Of those 19 deaths, nine occurred 22 or fewer days after the deceased inmate was booked, the data show. Thirteen of the inmates were awaiting trial. The Division of Corrections and Rehabilitation said 11 of the deaths had natural causes, with four overdoses, two suicides, one accident resulting in a head injury and one cause that was pending.
Deaths at state-run jails in West Virginia declined in 2023 from the previous year but remained significantly higher than totals throughout the 2010s.
In 2023, 16 incarcerated people died in West Virginia regional jails, according to data the Gazette-Mail obtained from the state Division of Corrections and Rehabilitation through a Freedom of Information Act request.
The 2023 death count is a substantial decrease from the three-year average of 25 fatalities per year annually from 2020 through 2022. But the latest annual death total remains far above a previous five-year average of 11.2 deaths per year from 2015 through 2019.
Seven of the 16 deaths in 2023 occurred at the Southern Regional Jail and Correctional Facility in Raleigh County, which has been the site of 38, or 20%, of the 187 deaths at the state’s regional jails from 2009 through 2023.
Judge: State officials destroyed evidence in the case
U.S. Magistrate Judge Omar Aboulhosn found in October that state officials intentionally destroyed evidence in the case that had been requested by the plaintiffs in the Southern Regional-focused case.
Aboulhosn found the officials’ efforts constituted “a dereliction of duty†and asked that a copy of his order be distributed to the U.S. Attorney to consider whether an investigation of the Division of Corrections and Rehabilitation was warranted.
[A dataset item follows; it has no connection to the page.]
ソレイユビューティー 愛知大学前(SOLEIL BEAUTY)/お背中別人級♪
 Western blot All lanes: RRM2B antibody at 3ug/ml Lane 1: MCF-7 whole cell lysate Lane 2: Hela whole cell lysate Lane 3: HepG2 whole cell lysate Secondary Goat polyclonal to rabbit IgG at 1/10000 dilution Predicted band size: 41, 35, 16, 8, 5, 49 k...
Gov. Jim Justice’s chief of staff, Brian Abraham, has denied Aboulhosn’s conclusion that state officials destroyed paper evidence and asserted that officials already provided information that Brad Douglas, who had most recently served as Division of Corrections and Rehabilitation executive officer, failed to confirm had been preserved in hearing testimony blasted by Aboulhosn.
The Justice administration fired Douglas and Phil Sword, who was Homeland Security general counsel and an assistant attorney general in the Attorney General’s Office, following Aboulhosn’s order.